Note: Several of the above were omitted from the version made for American television.

==Episodes==

| No. | Title | Directed by | Original release date |
| 1 | "War" | James Bluemel | July 13, 2020 |
Varied Iraqi perspectives at the outset of the 2003 Iraq War, contrast the optimism of some young people, who associated invasion with cultural freedom and change, with the caution of others who fear instability despite recognising Saddam Hussein’s repression. Personal accounts from civilians and observers express feelings of hope during the regime’s final days.
| 2 | "Insurgency" | James Bluemel | July 20, 2020 |
During the early insurgency in Iraq, U.S. military confidence in the mission erodes when faced with continued violence, limited support, and ethical strains, alongside an Iraqi civilian population also impacted by insurgent activity. Various interviews highlight the impact of conflict on both soldiers, reporters, and civilians. In interviews, various subjects question both the grounds and the outcomes of the war.

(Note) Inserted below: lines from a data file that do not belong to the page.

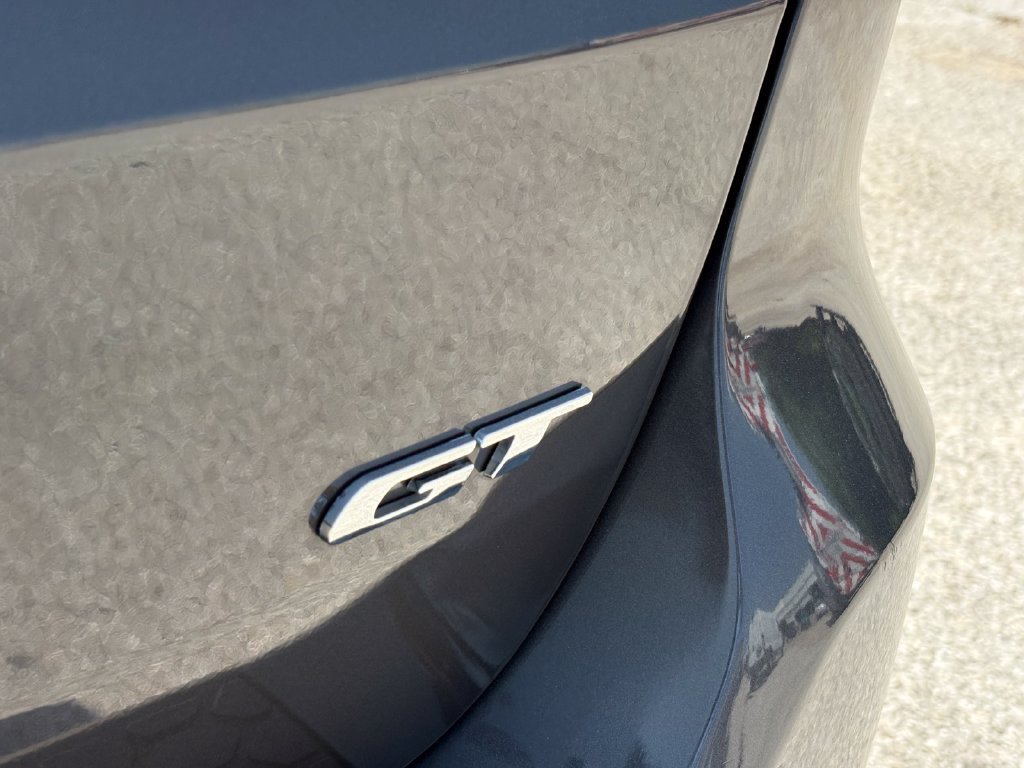 Used 2024 Dodge Durango GT RWD image 12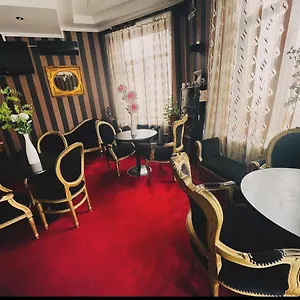 Zava Boutique Central Отель Бухарест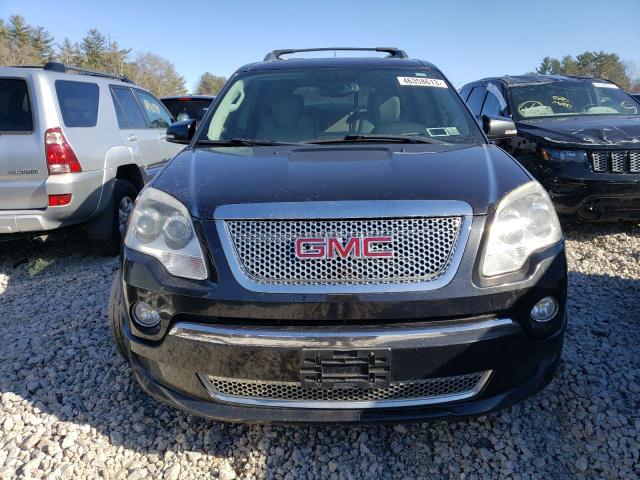 Photo 5 from auction – 2012 GMC ACADIA DEN with VIN 1GKKVTEDXCJ232602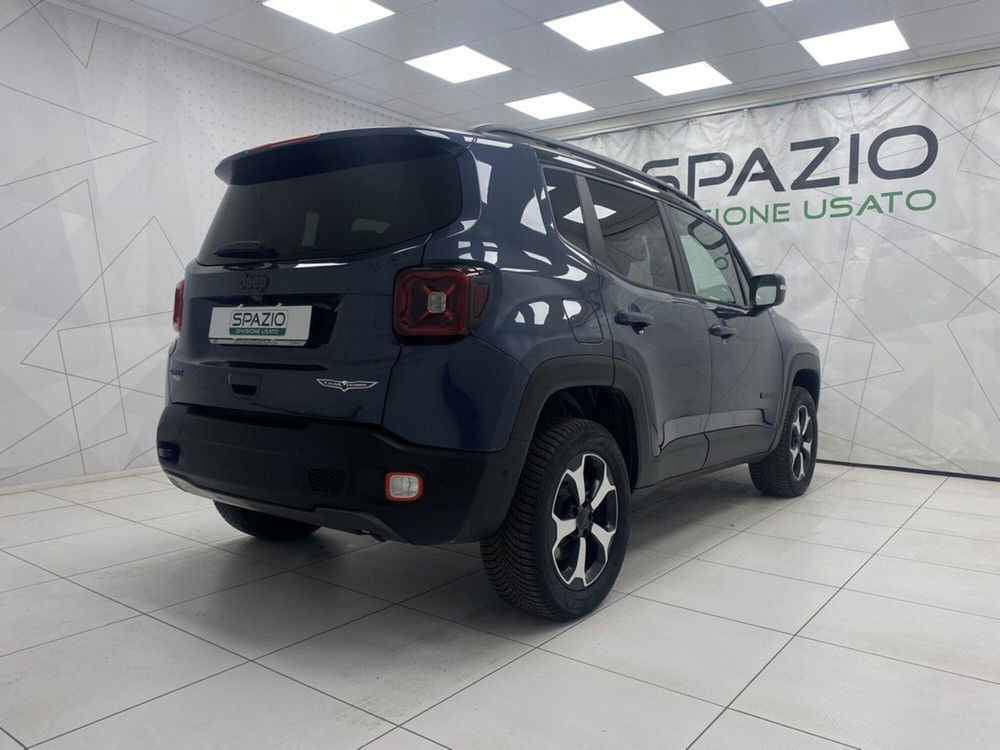 Jeep Renegade usata a Torino (5)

| 3 | "Fallujah" | James Bluemel | July 27, 2020 |
The episode recounts the 2004 Battle of Fallujah through the perspectives of embedded journalists, U.S. marines, and Iraqi civilians. It follows reporters documenting intense urban combat while living alongside troops, highlighting the dangers and ethical complexities of war reporting. Accounts from residents illustrate the brutal impact of the fighting on daily life, and the lasting consequences for those caught up in it.

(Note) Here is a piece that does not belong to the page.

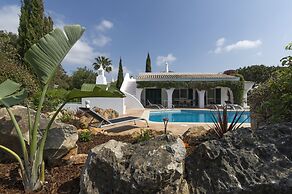 Rocha Brava Village Resort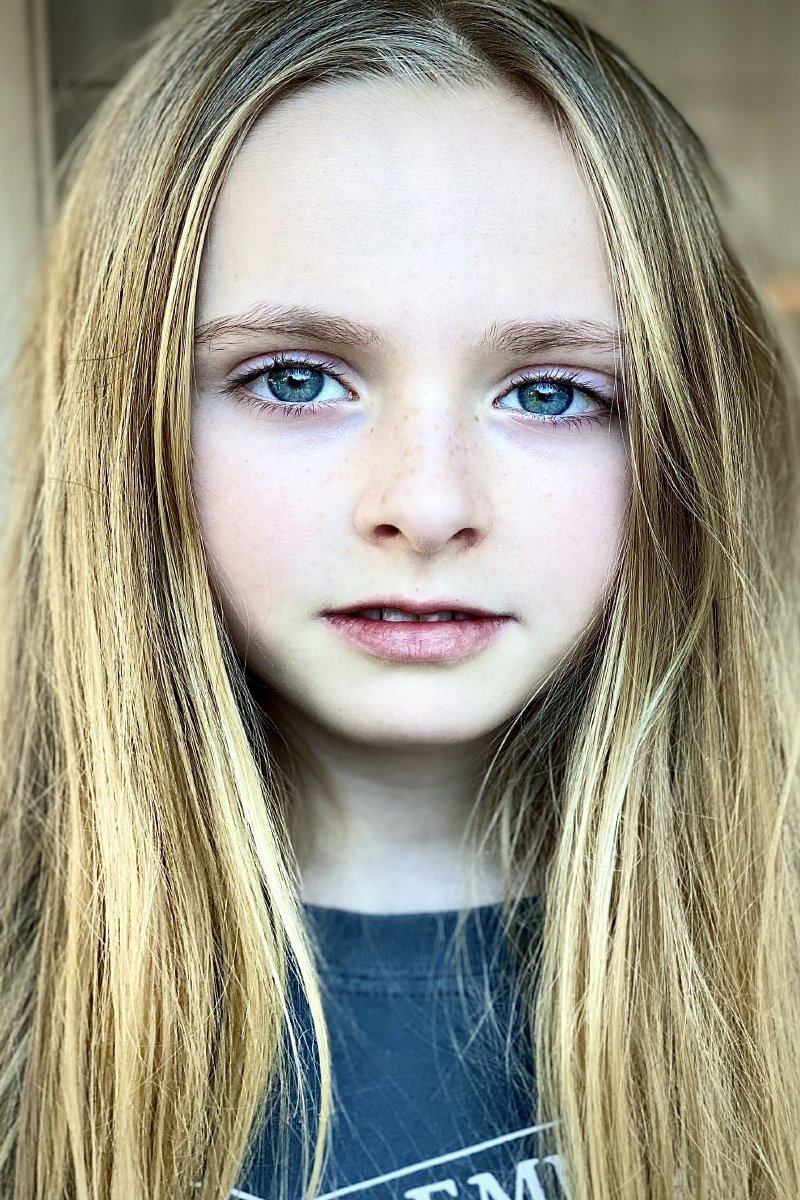 Foto de Olive Tennant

| 4 | "Saddam" | James Bluemel | August 3, 2020 |
The episode explores Saddam Hussein’s capture and reactions to it, and its aftermath. U.S. officials see the event as a turning point, but there are concerns raised concerns about future instability. Subsequently, underlying sectarian tensions, previously suppressed, contribute to escalating violence and the onset of civil conflict.
| 5 | "Legacy" | James Bluemel | August 10, 2020 |
After the invasion there is political change, and rising extremism. Sectarian policies contribute to instability and the emergence of ISIS. Those living under ISIS rule experience severe of repression and frequent violence, but there are also acts of resistance and solidarity, the consequences of prolonged conflict and efforts to oppose it.

==Reception==
The series was widely acclaimed in the British press, winning the awards for best documentary and outstanding series at the Rose d'Or festival in December 2020, in addition to being named Best Factual Series at the 2021 British Academy Television Awards.

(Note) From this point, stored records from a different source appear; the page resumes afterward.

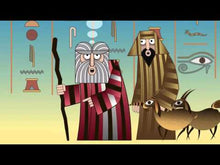 Load and play video in Gallery viewer, Armstrong, Louis: Go Down Moses - Sheet Music Download
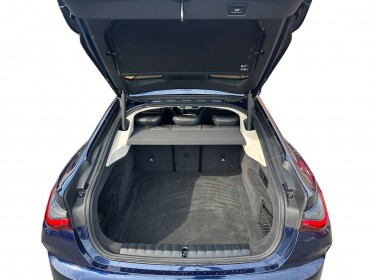 Bmw serie 4 gran coupe g26 420d 190 ch bva8 business m occasion simplicicar compiegne simplicicar simplicibike france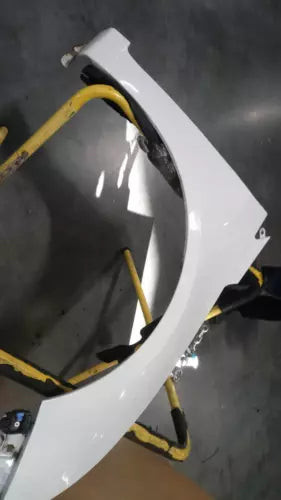 2012 Chevrolet Cruze w/ground effects opt BVG Fron Used OEM fender used OEM fender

The Guardian called Once Upon a Time in Iraq "a gripping, harrowing masterpiece" and praised its content, noting the use of interviews with people who were there, as opposed to prioritising interviews with politicians and analysts. New Statesman called it a "duty" to watch and praising Bluemel's storytelling. However, a review in The New Arab criticised the series as an incomplete representation of the Iraqi experience, and decried the "editorial decision to airbrush British complicity and the participation of British forces in Basra from the story".